Fritsch: Typically we deliver this as a Software as a Service offering, a cloud based computing offering. We’re not typically selling to the end user market; we work with partners in various health care verticals who eventually take our services as web services as cloud computing services and embed them in their offering. So you might see an EMR company embedding our services behind the scenes and using us to give the users a more user-friendly experience in the documentation.
You might see us with radiology vendors and their systems. However you will see not necessarily a local deployment and installation of software, but really a kind of ubiquitous software service model where it doesn’t matter whether you’re on your pc or away with your iPhone, calling in from your car. You will be able to use the same technology with the same user profiles and the same quality of recognition.
Williams: You mentioned working through partners. Do you have specific partners that are public?
Fritsch: Absolutely. In the radiology space we partner with radiology information systems and PACS systems. We’re partnering with many of the big players including GE Health Care, who has embedded our services in their physician-reporting product. There is an EMR space we’re partnering with a variety of big players in the EMR space, including Allscripts.
We are also traditionally in a lot of the transcription service providers, all the companies that provide transcription services to hospitals. Actually eight out of ten such companies are using our services to improve their productivity in creating these documents from speech. You won’t see it directly there but you’ll be able to see the end result, which is a structured document.
Williams: Earlier in the conversation you used the term “meaningful” and so I have to ask you about whether there is a direct fit with Meaningful Use under the HITECH Act.
Fritsch: That’s a loaded question. The term “meaningful use” is over used and misinterpreted in many ways. There is not a single vendor who won’t use the term these days. We have actually been using that term for a long, long time — way before the government started using it.

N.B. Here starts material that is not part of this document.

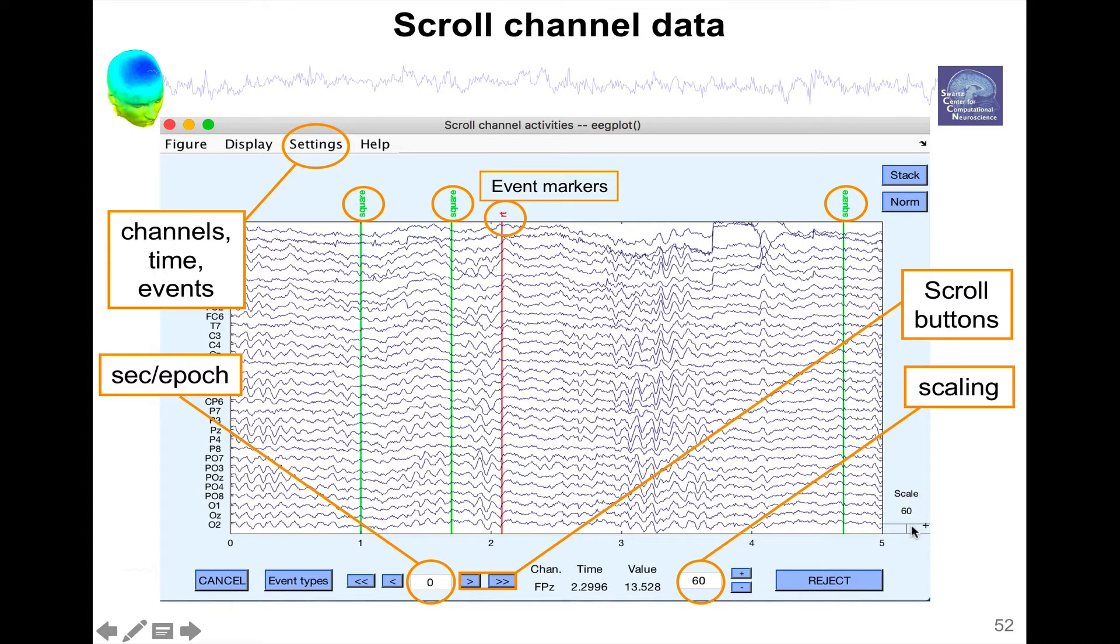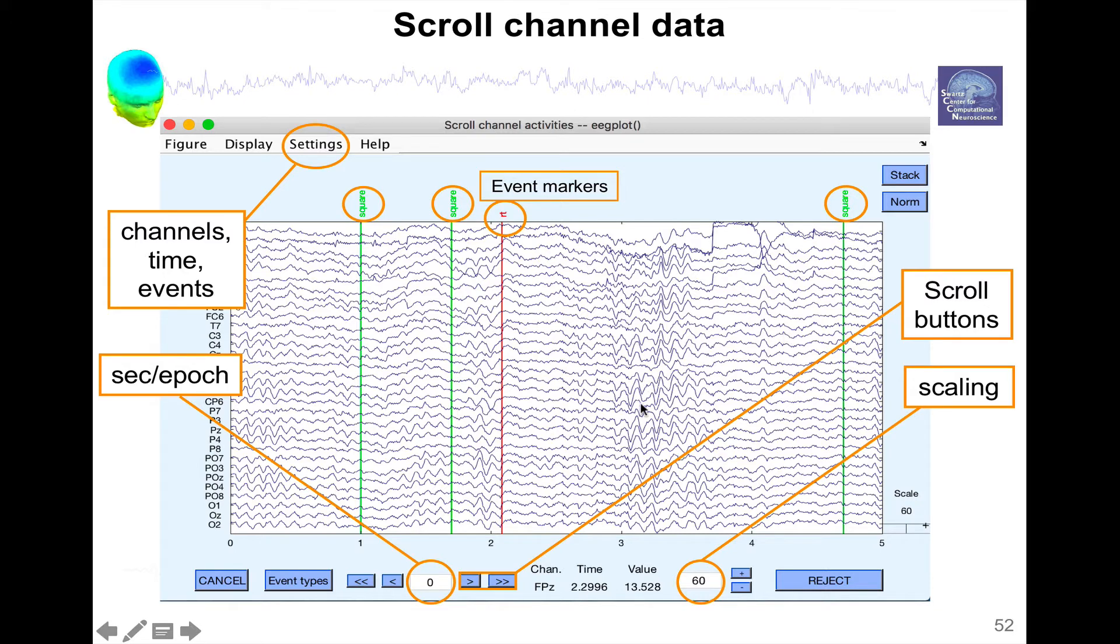And then you have event markers, so in this case I have two types of events, I have square and RT which means reaction time. Square is the stimulus and RT is the reaction time. And then you can see here, for instance, we can see some alpha waves very clearly in this subject.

We use the term “meaningful documents.” These structured and encoded documents fuse narrative with clinical fact, so in that respect they are a conduit to what the government means by meaningful use. We enable compliance with meaningful use rules and follow the government’s outlines of what a physician should document. Once you have structured and encoded information you can set rules on top of that to verify whether it’s complete and accurate and compliant with all these rules.
So we do provide the infrastructure and the technology to drive compliance with meaningful use as the government defines it, but it also goes beyond that. We can access the content of the narrative to drill down in a computable way into the contents of a narrative dictation. That’s really unlocking content that has not been available in the past. In the past, in order to get to any kind of physician support or compliance analysis for different rules, you had to create structured information. You had to go into the EMR style systems to enter information into database tables.

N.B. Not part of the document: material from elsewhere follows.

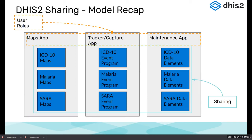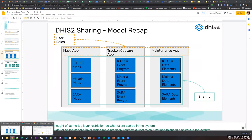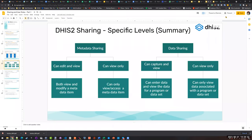We combine these two concepts — sharing and user roles — to enable access restriction in the system. When you're developing your matrix to determine who has read and write access, applying this in DHIS2 uses the sharing concept.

Now with speech understanding and the technology that comes with it, it’s actually possible to unlock the narrative and drill down to the spoken word and find evidence of clinical encounters in clinical conditions that you would not otherwise find.

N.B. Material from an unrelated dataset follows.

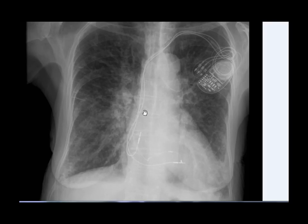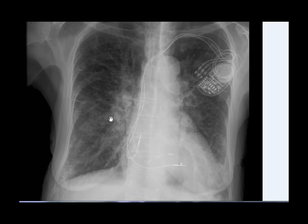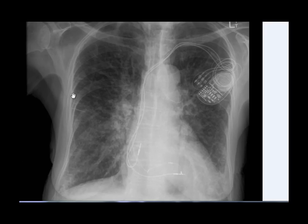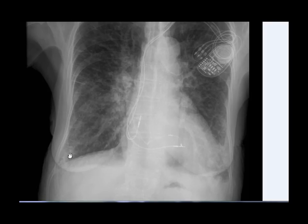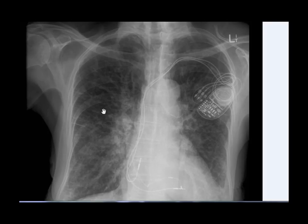The third sign is the presence of interstitial edema, confirmed by the presence of curly B lines. These are usually visible in costophrenic angles, but this is a rare example where curly B lines are visible in the upper to mid zones.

Williams: What kind of training is required for an end user to be able to use your technology?
Fritsch: Very little. Our focus is on not changing the physician’s behavior. Out of the box, most of the physicians that use our technology find it very useful in the sense that they don’t have to adjust their style. They don’t have to learn how to dictate.
There is a little bit of training to learn the interface. But they don’t have to go through the training and dictation enrollment period as you have to go through with many speech recognition systems. You start using it out of the box and it gets better as you use it.
Williams: I’ve been speaking today with Juergen Fritsch. He is Chief Scientist at M*Modal. Juergen, thank you so much for your time.